MATERIAL SUPPLIED:

◇ ◇ ◇ ◇ ◇

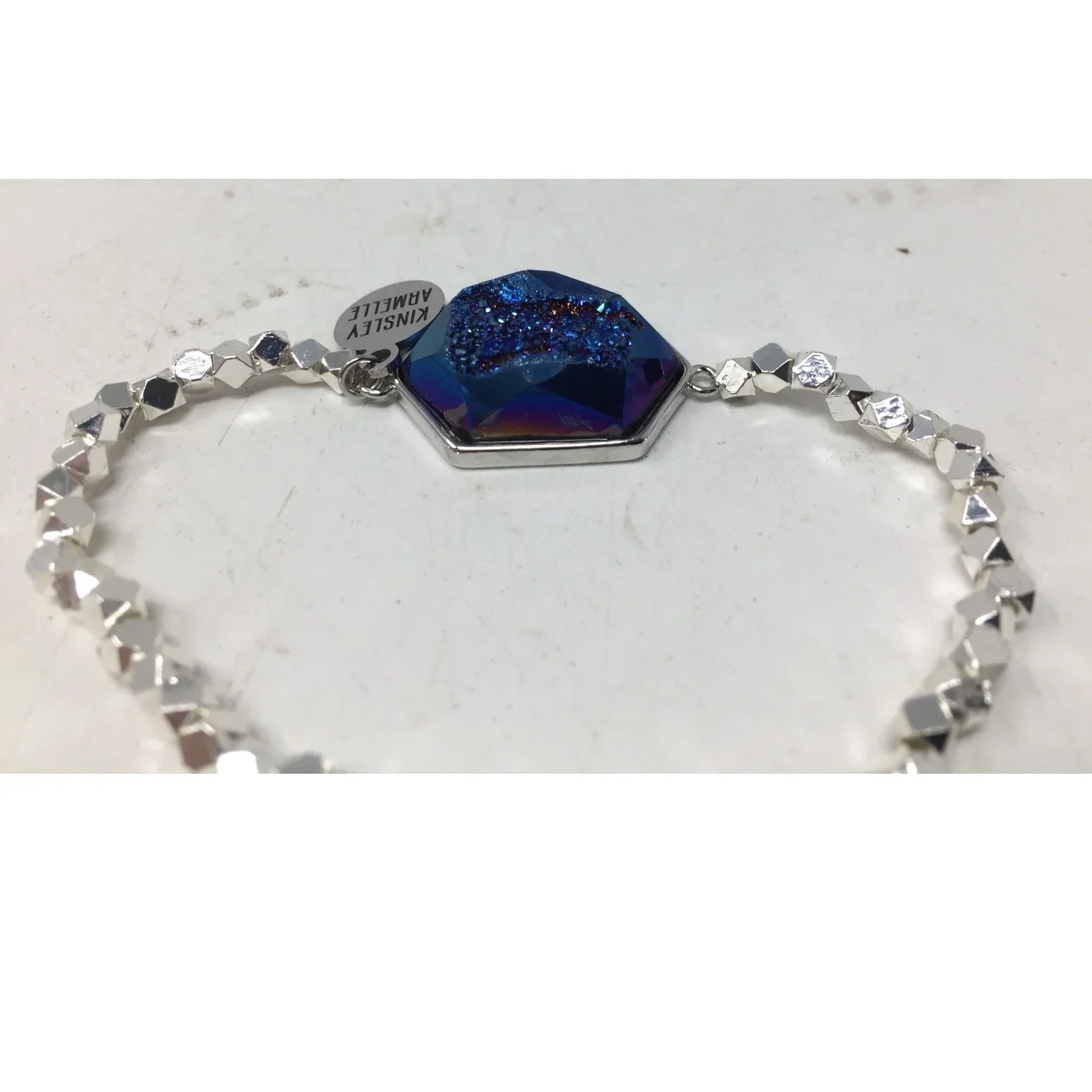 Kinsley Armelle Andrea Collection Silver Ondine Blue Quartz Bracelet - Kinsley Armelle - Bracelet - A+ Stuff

◇ ◇ ◇ ◇ ◇

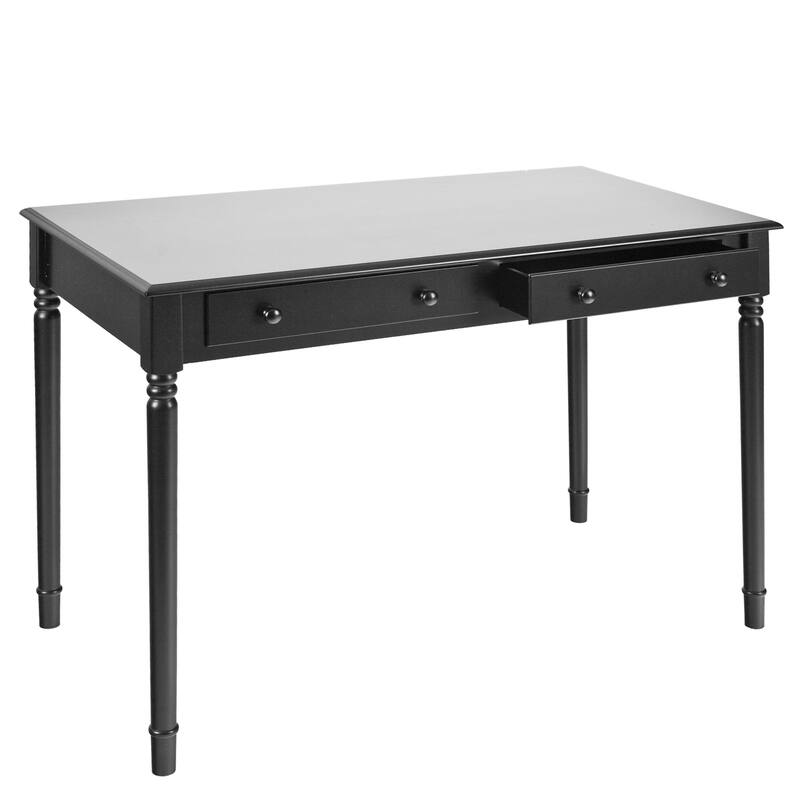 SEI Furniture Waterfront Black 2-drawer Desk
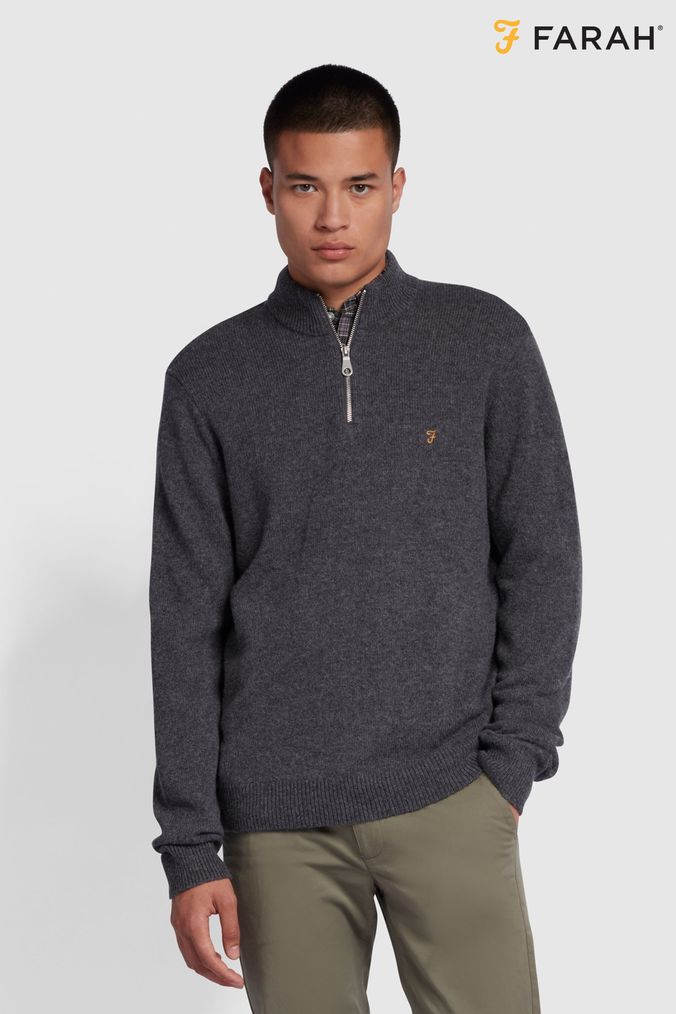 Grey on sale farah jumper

◇ ◇ ◇ ◇ ◇

WHAT TO PRODUCE: Go to the line above that contains "SEI Furniture Waterfront Black 2-drawer Desk" and reproduce everything exactly from there through the line that contains "Grey on sale farah jumper", leaving out the pictures.

RESPONSE AREA:
 SEI Furniture Waterfront Black 2-drawer Desk
 Grey on sale farah jumper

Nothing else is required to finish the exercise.